Houston claimed the publication of his mugshot and personal information — including his birthdate, height, weight and eye color — constituted illegal pretrial punishment. A federal district court dismissed his claim, but a three-judge panel on the Ninth Circuit U.S. Court of Appeals reversed the district court's ruling and agreed with Houston.
“Our question is whether Maricopa County’s policy of posting photographs of arrestees is constitutionally permissible,” Judge Marsha Berzon wrote in her opinion. “We conclude that it is not.”
In the wake of that decision, the sheriff’s office discontinued the mugshot lookup tool, though it continued to release booking photos in response to public records requests. But other jurisdictions in Arizona, including Pima County, stopped releasing booking photos altogether for arrestees who have not yet faced trial.

A screenshot of the revived mugshot lookup tool on the Maricopa County Sheriff's Office website.
Maricopa County Sheriff's Office
What changed?
At the time of the ruling, the sheriff’s office said it would consult legal counsel about the future of the lookup tool. Reached after the tool was reintroduced, sheriff’s office spokesperson William Jinks said the agency believes the new version of the tool passes constitutional muster.“The changes made to the mugshot page are in accordance with the opinion of the appellate court,” Jinks.
Jinks did not answer a question about how the tool had changed specifically, nor did he say how long the mugshot page has been back on the office’s website. Bill Cracraft, a communication specialist for the Ninth Circuit, said the court had no comment.
The new version of the tool appears to contain a few adjustments in light of Berzon’s opinion. The site no longer lists an arrestee’s birthdate, height, weight, and hair and eye color. The listing for each now includes the arresting agency, which had been missing from the previous version of the tool.
Berzon’s opinion found that publishing much of the now-omitted personal information was unnecessary and served no legitimate transparency purpose for the sheriff’s office. She also took the agency to task for omitting relevant information like “the names of the officers who arrested Houston, the location of his arrest, the arresting agency, the jail in which Houston was held, and whether charges were ultimately pursued.”
The new lookup tool still leaves out much of that information, aside from the arresting agency.
Berzon also wrote that the previous mugshot lookup tool enabled photo-scrapers to collect the photos and publish them online, where they “remain available after they are removed from the County website, even if the arrestee is never prosecuted, let alone convicted. The result is public exposure and humiliation of pretrial detainees, who are presumed innocent and may not be punished before an adjudication of guilt.”
It’s unclear what steps the new site takes to prevent photo-scraping. Photos on the lookup tool are watermarked with the sheriff’s office logo and do not appear to be clickable for copy-and-paste purposes, though they can be dragged into a separate document. Additionally, nothing would seem to prevent a person or a bot from screenshotting the photos.
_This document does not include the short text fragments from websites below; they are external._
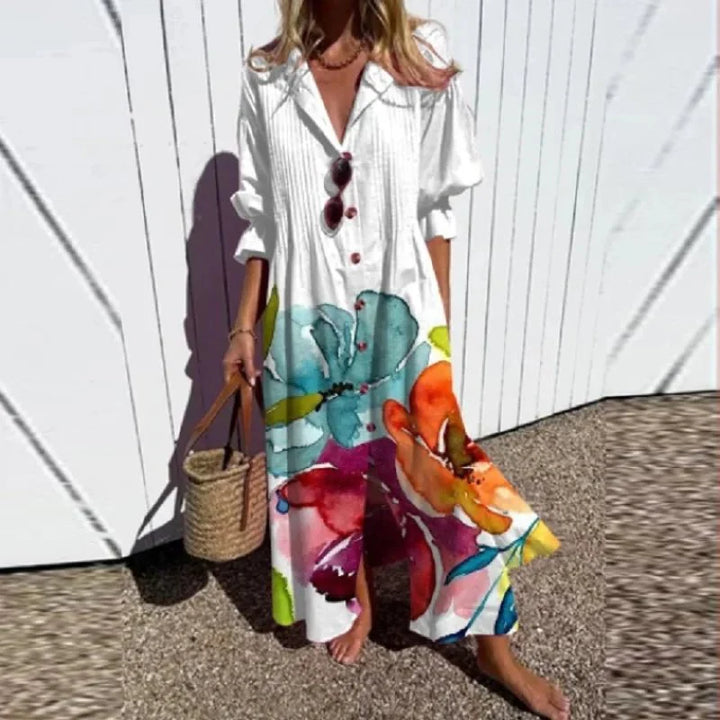 Damen Oversize Blumenkleid Im Boho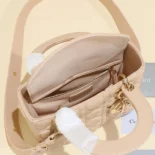 Dior Women Small Lady Dior My ABCDior Bag Sand-Colored Cannage Lambskin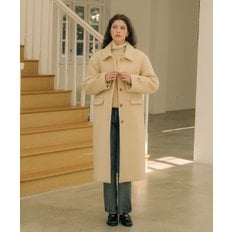 Mohair wool blending maxi coat_Butter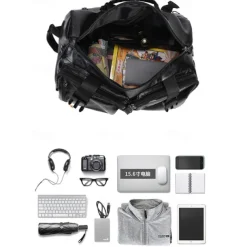 Men's Faux Leather Travel Backpack and Duffel Bag – Multi-Functional Large Capacity Bag with Dual Front Pockets for Business and Weekend Trips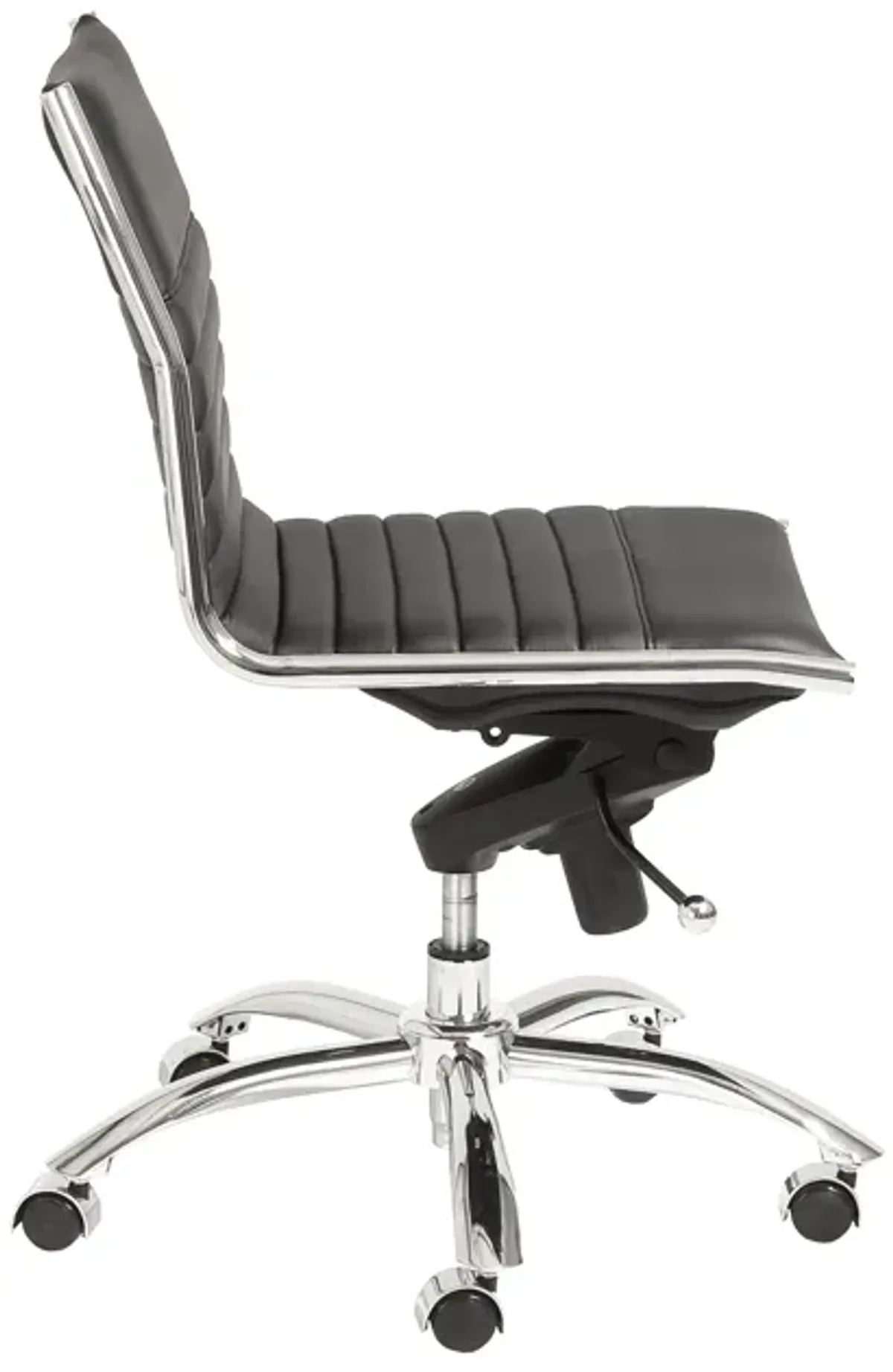 Dirk Low Back Office Chair w/o Armrests in Black with Chromed Steel Base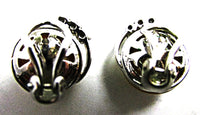 Vintage 1970s Signed Contemporary Style Pearl and Rhinestone Earrings
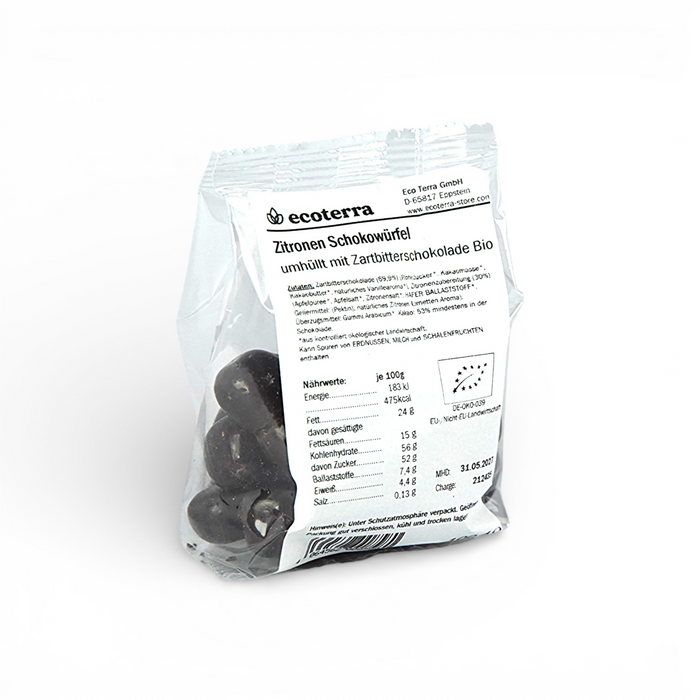 Bio Zitronen Schokowürfel - 100 g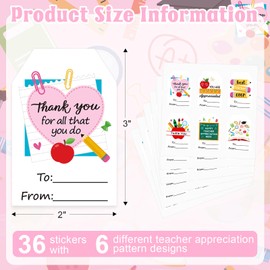 COCHIE Teacher Appreciation Stickers, 36Pcs Thank You Teacher Labels Stickers, Self-Adhesive Teachers Day Name Tags for Envelope Seals Gifts Cards Wrap Presents Boxes Decorations (Classic)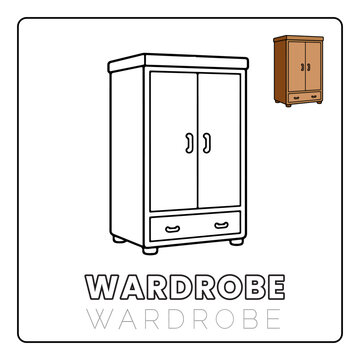 Wardrobe Cute House Items Coloring Pages for Kids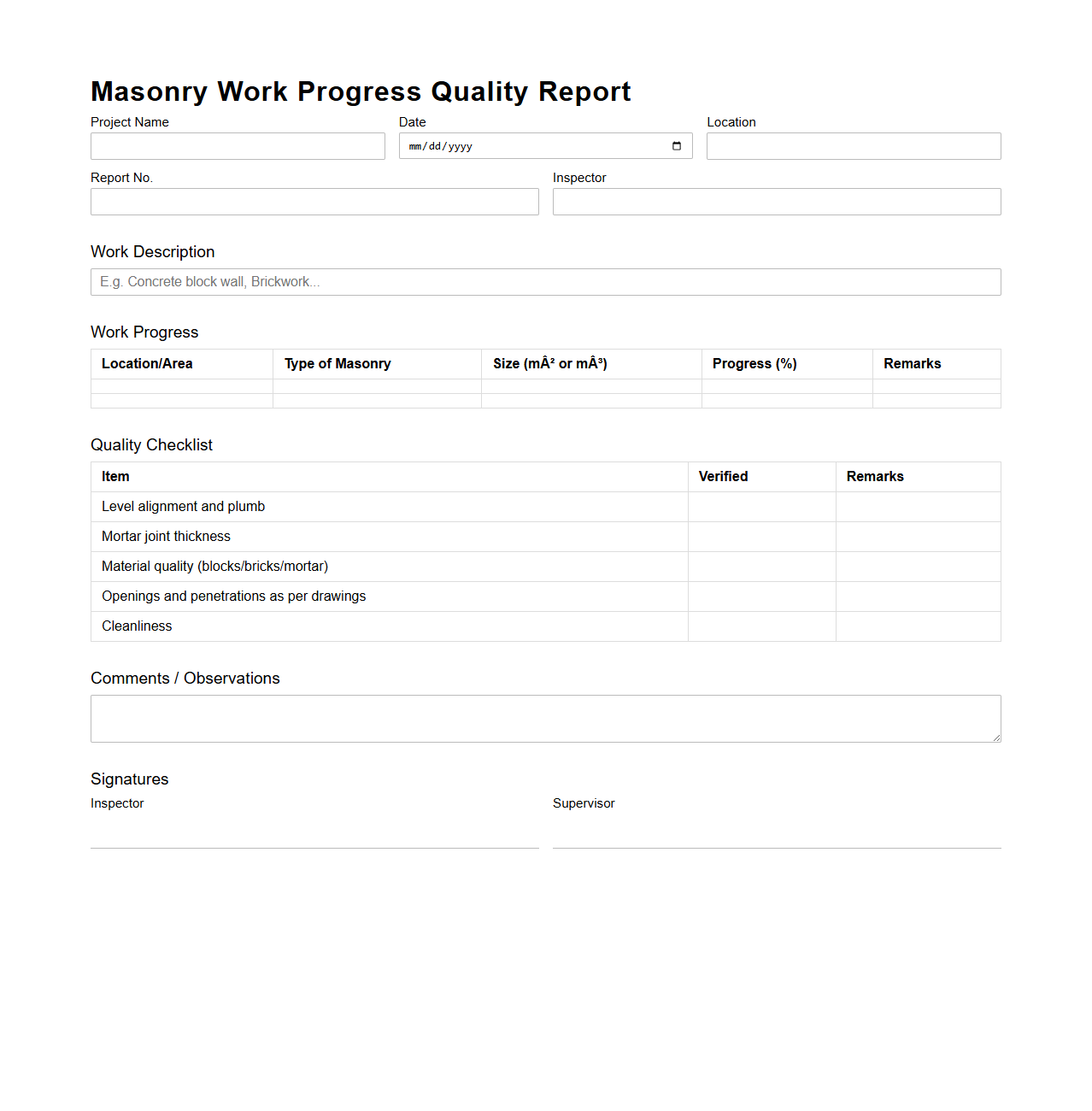 Masonry Work Progress Quality Report Example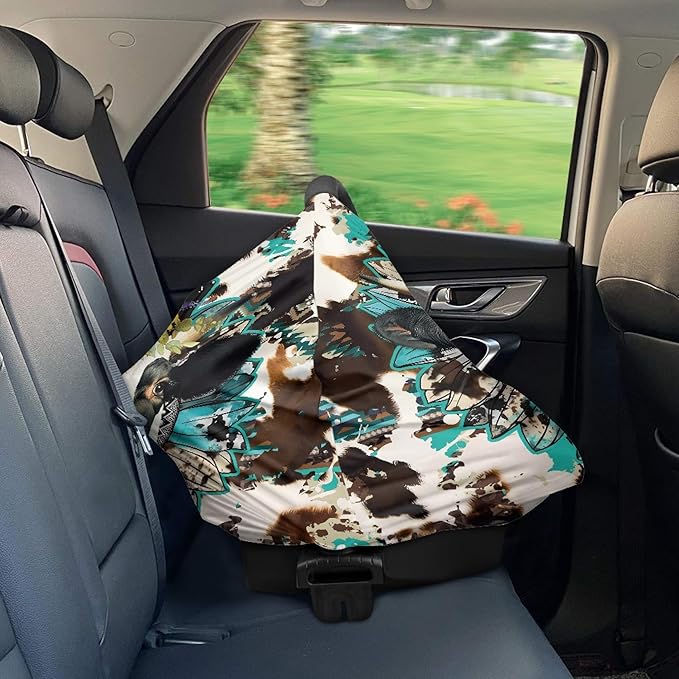 Binienty Brown Cow Sunflower Stretchy Car Seat Covers for Baby Boys Girls Infants,Breathable Babies Stroller Cover Canopies,Baby Shower Gifts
Ivchenko told New Times that his team was reviewing the new webpage and forming an opinion on it. Jared Keenan, the legal director of the ACLU of Arizona, had no comment on the new site. However, after Berzon issued her opinion in September, Keenan expressed his concerns about the mugshot database to Arizona’s Family.
Officers “only need probable cause to make an arrest, that’s a very small amount of evidence,” he told the station, which results in lots of people being arrested “who later have their charges dismissed because there is not enough evidence they actually committed a crime.” Despite that, the mugshot tool created a stigma that could follow them long after their booking photo disappeared from the sheriff’s office site.